Leçon n°3 : Les doubles-diplômes

 

Une autre solution pour muscler le cursus universitaire est de cumuler deux diplômes sans multiplier le nombre d’années d’études. De fait, certains étudiants, notamment ceux issus des classes préparatoires, n’hésitent pas à s’inscrire dans deux licences, en ne passant que les examens terminaux pour l’un des deux diplômes.

 

Afin de mieux organiser ce cumul de fait, plusieurs universités ont créé des double-cursus. La réforme LMD, en permettant les parcours différenciés au sein d’une même licence, a déjà permis de panacher la formation avec des parcours bi-disciplinaires. Cependant, l’étudiant n’obtient au final qu’un seul diplôme dans sa discipline majeure. Les doubles-diplômes, au niveau licence, permettent à l’étudiant de panacher son parcours et de s’ouvrir plus de possibilités pour la poursuite en master par l’obtention de reconnaissances sur deux disciplines différentes.

 

Les innovations les plus récentes à ce sujet ont été la création de doubles-diplômes de niveau licence entre une université et un grand établissement. Ainsi par exemple, l’Université Paris-Sorbonne Paris 4 et Sciences Po ont créé trois doubles-diplômes en sciences sociales et histoire, sciences sociales et lettres, sciences sociales et philosophie. À l’issue de ce cursus sélectif, les étudiants de chaque établissement obtiennent le diplôme de Bachelor de Sciences Po (diplôme d’établissement de niveau Bac +3) et une licence d’histoire, de lettre ou de philosophie de l’Université Paris-Sorbonne Paris 4, selon la filière choisie.

 

Au niveau master, dans une moindre mesure, il existe aussi des doubles-diplômes. Les grandes écoles et les grands établissements s’illustrent plus que les universités à ce sujet avec une tradition[6] de double-cursus avec des établissements étrangers et plus récemment en créant des doubles-diplômes, le plus souvent entre grandes écoles et non avec des universités.

 

Au sein des universités, le jeu des cohabilitations permet d’apposer plusieurs sceaux sur un seul et même diplôme de master et notamment ceux de grandes écoles qui voient dans ces masters la possibilité pour leurs diplômés d’accéder ensuite au doctorat ou de bénéficier d’une double-compétence. Les masters « Erasmus mundus », sont un autre exemple et permettent, toujours en obtenant un seul et même diplôme, de suivre des cours dans plusieurs (trois, voire quatre) universités européennes. Cependant aucune de des formules ne permet d’obtenir deux diplômes.

 

Peu d’universités offrent actuellement de véritables doubles-diplômes.
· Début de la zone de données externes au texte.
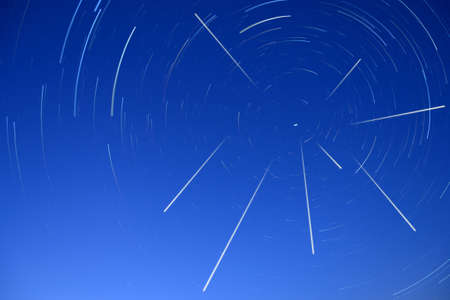 The Perseid meteor shower in the sky, Star trails around Polaris in the summer starry sky.の写真素材
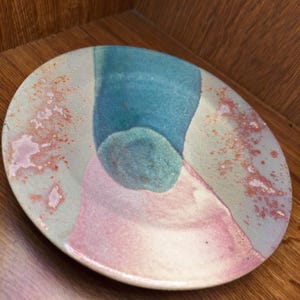 May include: A round ceramic plate featuring a speckled beige base with a prominent vertical blue stripe and a soft pink wash at the bottom. The surface is decorated with scattered orange and rust-coloured spots, creating a textured appearance.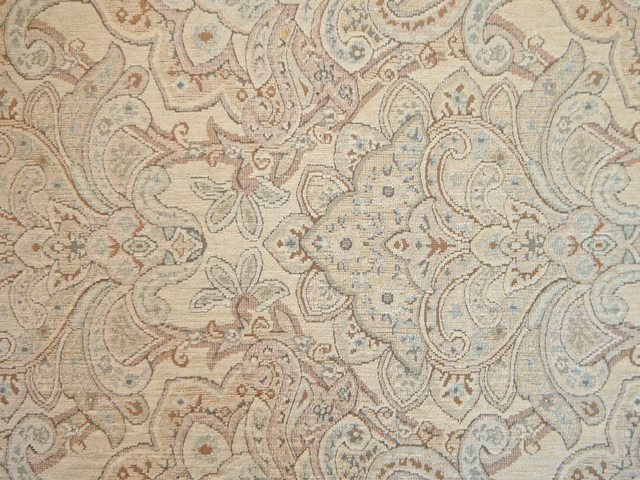 Pale beige chenille with blue-grey paisley, taupe curls and dusty rose floral details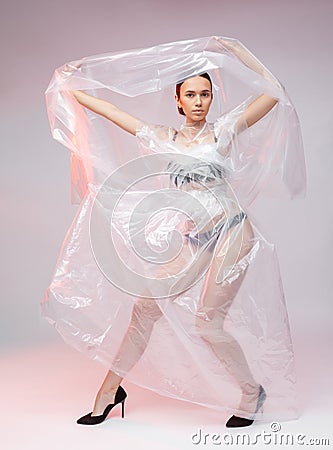 Girl posing in a dress made of plastic film. Fashion portrait. Stock Photo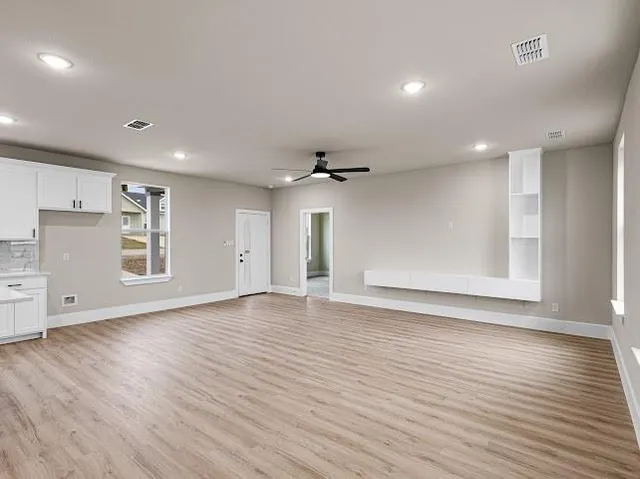 a view of kitchen with cabinets stainless steel appliances with wooden floor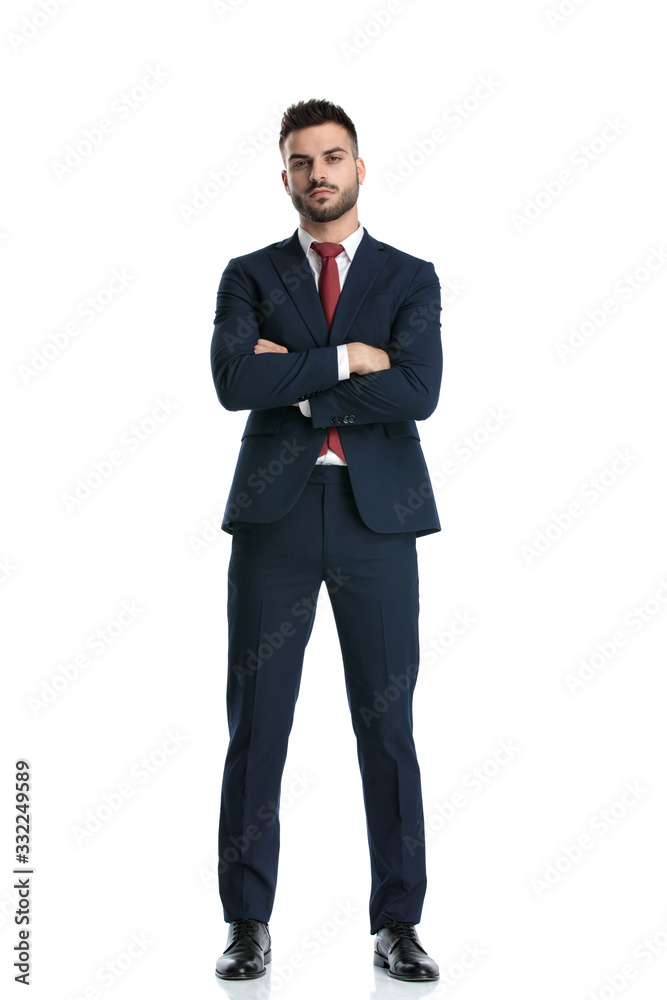 formal man standing with hands crossed and striking a pose formal man standing with hands crossed and striking a pose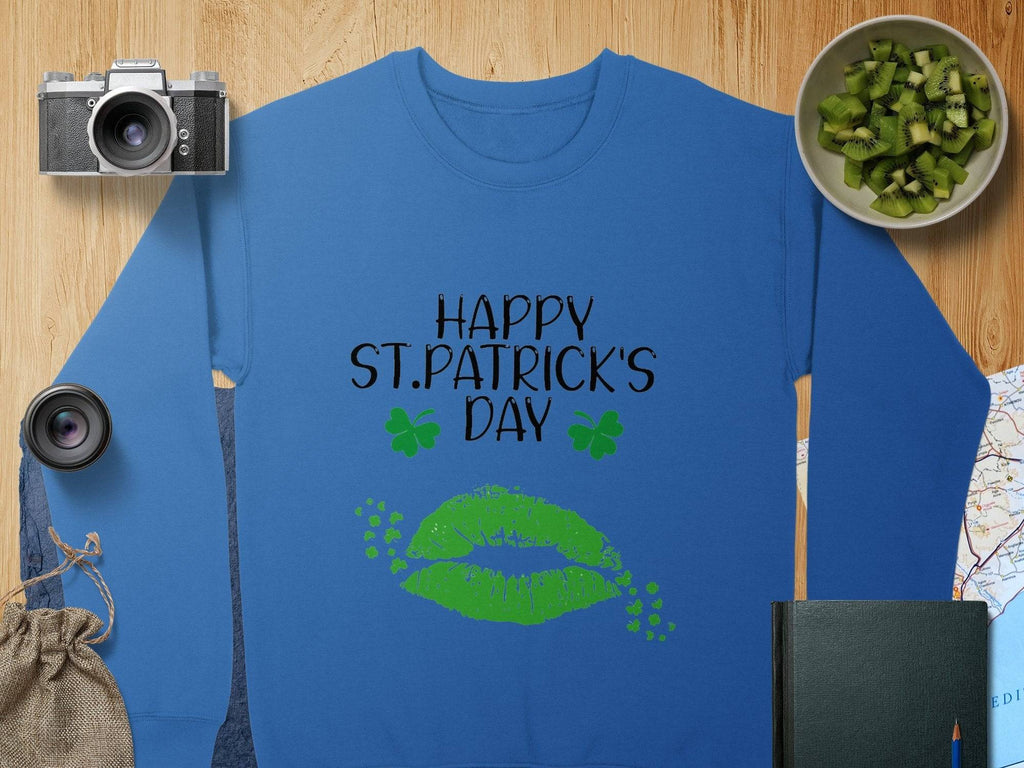 Garment Graphics blue sweatshirt, featuring Happy St. Patricks Day text and green lips graphic, captures the festive clover kiss spirit, displayed among a camera, lens, kiwi bowl, map, pouch, and closed notebook on a wooden surface.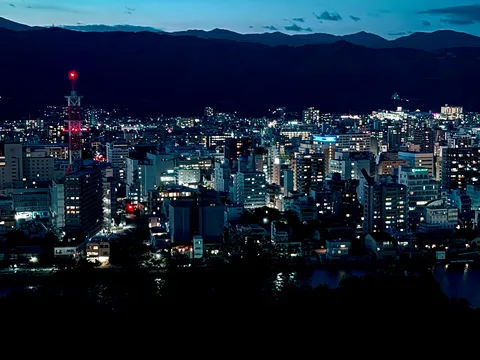 きらめく街と静かな山並み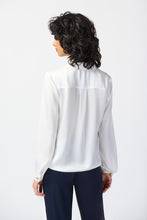 Load image into Gallery viewer, Chic satin top with notch collar, lapels, and centre-front ties. Puff sleeves adorned with gold buttons. Sleek yokes at front and back for style.
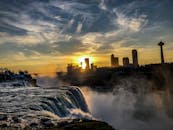 尼亚加拉大瀑布的日落景观充满戏剧性，城市天际线轮廓与朦胧的瀑布相映成趣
L’Institut d’administration des entreprises de Lyon (Université Jean Moulin Lyon 3) propose par exemple un double-diplôme avec l’Université de Pavie (Italie) ; L’Université Panthéon-Sorbonne Paris 1 propose également un double-diplôme avec l’Université de Cologne (Allemagne) en droit. Trop peu encore en proposent entre deux établissements français.

 

 

Et les instituts d’urbanisme ?

 

Dans ces innovations proposées, les instituts d’urbanisme ont une position intermédiaire. L’Association pour la promotion de l’enseignement et de la recherche en aménagement et urbanisme (APERAU) a créé un réseau francophone de formations supérieures en urbanisme. Au sein de cette association regroupant vingt-quatre membres, coexistent une dizaine d’instituts d’urbanisme dont les dénominations sont encore aléatoires, mais permettent de détacher les formations en urbanisme du reste des cursus proposés au sein de l’université.

 

En revanche, dans les cursus, peu proposent des nouveautés. Certains comme l’Université Panthéon-Sorbonne Paris 1, ou l’Institut d’urbanisme et d’aménagement de l’Université Paris-Sorbonne (Paris 4) offrent toujours des diplômes de magistère, appréciés particulièrement par les élèves de classes préparatoires aux grandes écoles (CPGE). Un des membres de l’APERAU, le Département Aménagement (ex-Centre d’études supérieures d’aménagement) de l’École d’ingénieurs polytechnique de l’Université de Tours (Polytech’Tours) a même fermé son Magistère d’aménagement  après la réforme LMD, pour passer à un diplôme d’ingénieur en génie de l’aménagement ; une décision qui a par ailleurs rencontré un accueil plutôt froid au sein de la communauté des urbanistes (voir ici).

 

Les instituts d’urbanisme sont donc à la croisée des chemins. Le réseau monté par l’APERAU montre ses limites (les effets du sigle de l’association sur l’organisme peut-être…) et l’offre de formation a plus ou moins bien passé l’examen de la réforme LMD. À l’image des IAE, des IEP ou des RTRA, les instituts d’urbanisme gagneraient à se nourrir des expériences de ses voisins et proposer rapidement une organisation renouvelée sous peine de rester sur le bord de la route des recompositions s’opérant sur le thème de l’urbanisme, comme à la Cité Descartes par exemple.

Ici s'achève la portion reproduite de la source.